The following public methods are defined on this type:

• ρ, invρ, ∇ρ, ρmean, Σ, M, ∇M, invM, Mproj, ∇Mproj, Vmax, Vesc, Φ, ∇Φ, ∇∇Φ

Plummer(M::Real, a::Real)
Plummer(M::Unitful.Mass, a::Unitful.Length)

Type implementing the density profile first proposed by Plummer 1911 (see also Dejonghe 1987); this density profile is defined by the potential

\[\Phi(r) = -\frac{G \, M}{\sqrt{ r^2 + a^2 } }\]

which corresponds to a density profile of

\[\rho(r) = \frac{3 \, M}{4 \pi a^3} \, \left( 1 + \frac{r^2}{a^2} \right)^{-5/2}\]

where M is the total mass of the system and a is the characteristic scale radius of the system. Following this, the fields of Plummer are M, a. This scale radius can be converted to the 3D half-light (or half-mass) radius via

\[r_h = \frac{a}{\sqrt{ 0.5^{-2/3} - 1} }\]

the method GalaxyProfiles.plummer_a_to_rh is provided to perform this conversion. In projection (i.e., along a line-of-sight) the half-light radius is equal to the Plummer scale radius a, verifiable by quantile2D(d::Plummer, 0.5) == scale_radius(d).

The default units of Plummer are [M] = [Msun], [a, r] = [kpc]. This is important for quantities like Vcirc, Vesc, Φ, ∇Φ, and ∇∇Φ which involve the gravitational constant G; these will give incorrect results if the fields of Plummer or the provided r are in different units.

The following public methods are defined on this type:

• Mtot, ρ, invρ, ∇ρ, ρmean, invρmean, Σ, ∇Σ, Σmean, invΣ, M, ∇M, invM, Mproj, ∇Mproj, invMproj, Vcirc, Vesc, Φ, ∇Φ, ∇∇Φ, cdf2D, cdf3D, ccdf2D, ccdf3D, quantile2D, quantile3D, cquantile2D, cquantile3D.

ExponentialDisk(Σ0::Real,rs::Real)
ExponentialDisk(rs::Real;Σ0=nothing,M=nothing)

Type describing projected isotropic exponential surface density profiles with central surface density Σ0 and scale radius rs. The surface density profile is

\[\Sigma(r) = \rho_0 \times \exp \left( \frac{-r}{R_s} \right)\]

The fields of ExponentialDisk are Σ0, rs.
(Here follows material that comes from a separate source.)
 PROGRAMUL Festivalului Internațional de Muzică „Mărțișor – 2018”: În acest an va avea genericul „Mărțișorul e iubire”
There are no methods defined for ExponentialDisk which use physical constants with units (e.g., G), so as long as ExponentialDisk.rs and the radius r you provide to methods are in the same units, and Σ0 is in units of [M/[r,rs]^2]everything will work out. Generally just want to make sure the length units are uniform.

The following public methods are defined on this type:

• Σ, ∇Σ, invΣ, Mproj, ∇Mproj, invMproj, Mtot, cdf2D, ccdf2D, quantile2D, cquantile2D

See also

• Convenience constructor ExponentialDiskDHI.

Sersic(Σ0, r_e, n, q)

Type describing Sersic surface density profile, typically used to model the surface brightness profile of galaxies in images.

Arguments

• Σ0: surface density at radius r = r_e
• r_e: Sersic scale radius
• n: Sersic index controlling how steep/shallow the profile is
• q: minor-to-major axis ratio

\[\Sigma(r) = \Sigma_0 \times \exp \left( -b_n \left[ \left(\frac{r}{r_e} \right)^{1/n} - 1 \right] \right)\]
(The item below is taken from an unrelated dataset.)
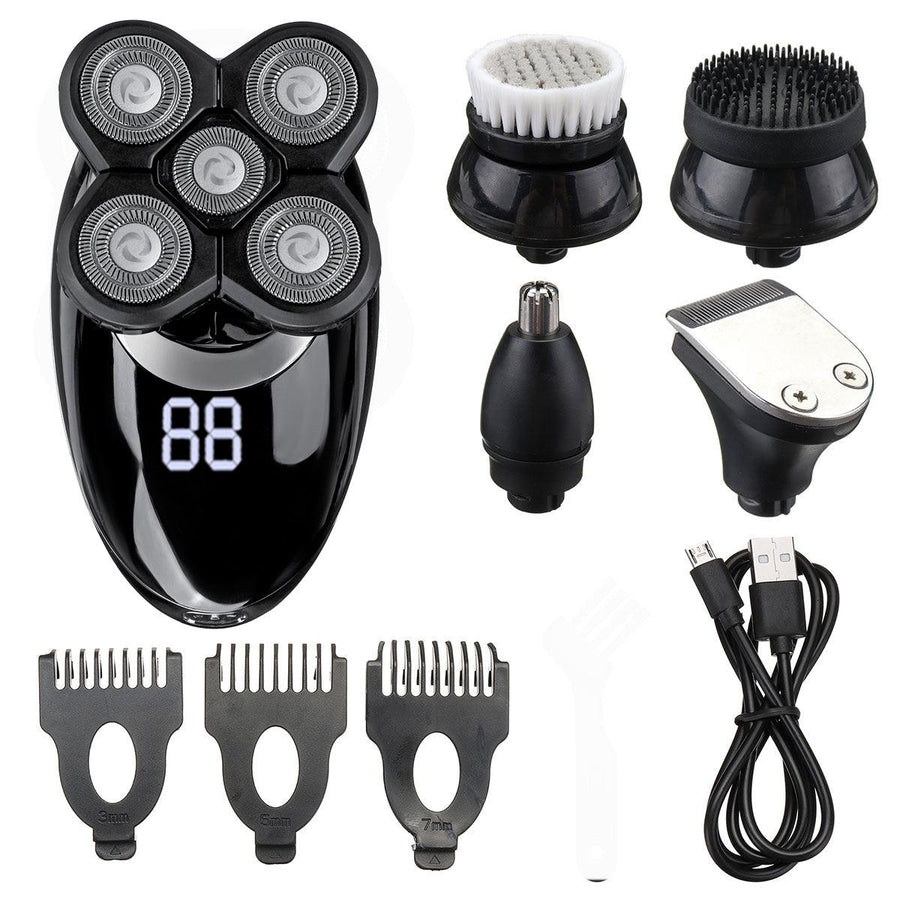 Black Gray Shaver Digital Display Five Blade Electric Shaver Rechargeable Shaver & Razor - MRSLM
where b_n is derived from the Sersic index n (see equations 3, 4 of Graham & Driver 2005).

The fields of Sersic are Σ0, r_e, n, q. There are no methods defined for Sersic which use physical constants with units (e.g., G), so as long as Sersic.r_e and the radius r you provide to methods are in the same units, and Σ0 is in units of [M/[r,r_e]^2]everything will work out. Generally just want to make sure the length units are uniform.

The following public methods are defined on this type:

• Σ, ∇Σ, invΣ, Mproj, ∇Mproj, Mtot

params(d::AbstractMassProfile)

Get the fields of the struct as expected by its defined methods.

scale_radius(d::AbstractMassProfile)
scale_radius(uu::Unitful.LengthUnits, d::AbstractMassProfile)

Returns the characteristic scale radius of the profile; used for some default methods. An example is rs for the ExponentialDisk model.

CoreNFWGalaxy(ρ0::Real, rs::Real, t_sf::Real, rhalf::Real;
              κ::Real=4//100, η::Real=175//100)

An alternative parameterization for the CoreNFW profile based on galaxy properties.

The standard CoreNFW type uses $n$ and $r_c$ to parameterize the Read et al. 2016 density model, but the authors relate these halo-level parameters to galaxy-level parameters in the following ways. They find $n$ to be related to the total star formation time,

\[\begin{aligned} n &= \text{tanh} \left( q \right) \newline q &= \kappa \, \frac{t_\text{SF}}{t_\text{dyn}} \end{aligned}\]

where $t_\text{dyn}$ is the circular orbit time at the NFW profile scale radius $r_s$. This is the orbital circumference divided by the speed; for profile p, this is 2π * p.rs / GalaxyProfiles.Vcirc(p, p.rs).

They also find the core radius $r_c$ to be related to the projected stellar half-mass radius as

\[r_c = \eta \, R_{h}\]

Thus if the total star formation time and projected stellar half-mass radius are known for a galaxy, one can calculate $n$ and $r_c$ given the alternative parameters $\eta$ and $\kappa$. In their simulations, Read et al. find $\kappa=0.04$ and $\eta=1.75$, so these are the default values for this alternate parameterization.

SIS(ρ0::Real, rs::Real)
SIS(ρ0::Unitful.Density, rs::Unitful.Length)
SIS(rs::Real, M::Real, Rmax::Real)
SIS(rs::Unitful.Length, M::Unitful.Mass, Rmax::Unitful.Length)

Convenience function to construct a singular isothermal sphere; i.e., a GeneralIsothermal with α=2.

ExponentialDiskDHI(DHI::Real, MHI::Real, ΣDHI::Real=10^6)
ExponentialDiskDHI(DHI::Unitful.Length, MHI::Unitful.Mass,
    ΣDHI::GalaxyProfiles.SurfaceDensity=1*UnitfulAstro.Msun/UnitfulAstro.pc^2)

Convenience constructor for the ExponentialDisk surface density profile. This will take a diameter for the disk DHI (e.g., the diameter of a neutral hydrogen disk), its total mass MHI, and ΣDHI, the surface density at DHI, and return an ExponentialDisk object with the correct central density and scale radius.

By default, ΣDHI is 10^6 solar masses per square kiloparsec (equivalent to one solar mass per square parsec), such that you should provide DHI in kpc if you are using Real inputs.

Notes

At high masses (e.g., $10^{10} \ \text{M}_\odot < \text{M}_{\text{HI}}$) the numerical inversion is impossible; in this case, the exponential disk scale radius is set to DHI/4.